O colapso mundial das ideologias difundiu uma retórica dos “direitos” hipócrita e homogênea, capaz de tornar idênticos os programas à esquerda e à direta, prova cabal de que o poder econômico colonizou a política com o sensacionalismo das causas urgentes, coisa que no fundo ludibria o povo do continuísmo estrutural de que ele necessita para se exercer em seu próprio benefício: os donos dos bancos precisam dos chefes das armas que os deixem em paz nos seus negócios que envolvem a predação da coisa pública.

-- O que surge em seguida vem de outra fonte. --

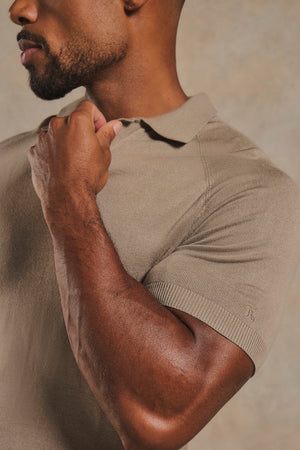 Open Collar Knitted Polo Shirt in Mink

Então que ninguém se engane com altas expectativas: se nesse salto para o desconhecido todos caírem de bunda (ou de boca) não há problema algum. O intenso aprendizado político desses dias turbulentos já terá sido muitíssimo válido, ultrapassando em muito o estéril “socialismo da granola” que certa elite milita como alívio humanitário das suas culpas em ONGs e outros espaços ocupacionais, ornamentais e frequentemente corruptos da democracia.

Esse é sobretudo um movimento sem Vandré nem Lindberg, sem trilha nem líder. Quando no dia 17 de junho indaguei a um jovem manifestante na Avenida Presidente Vargas o que ele achava de tudo aquilo, ele me respondeu sorrindo: O MOVIMENTO É SEXY. Foi assim que completei a sentença que dá título a esse texto: sem Vandré nem Lindberg, o movimento é sexy. E não por ser sensual e bem humorado ele deixa de ser sério em seus propósitos. É um movimento dos milhões de corpos desejantes e sofredores que se encontraram reclamando os seus deslocamentos horizontais pacíficos e tranquilos. Portanto, é também um Movimento simultaneamente pela liberdade e por alguma noção difusa de igualdade. É um movimento de cidades como lugares concretos da existência feliz, e não de abstrações jurídicas e simbólicas reivindicadas pelos discursos totalitários, tais como a Nação ou o Estado. Em meio às dezenas de demandas corporativas que transformaram a política em um bazar de lobbys, a causa da mobilidade urbana mostrou-se portadora de um núcleo de universalidade capaz de aglutinar a indignação pelo cínico desleixo com muitos outros domínios da coisa pública.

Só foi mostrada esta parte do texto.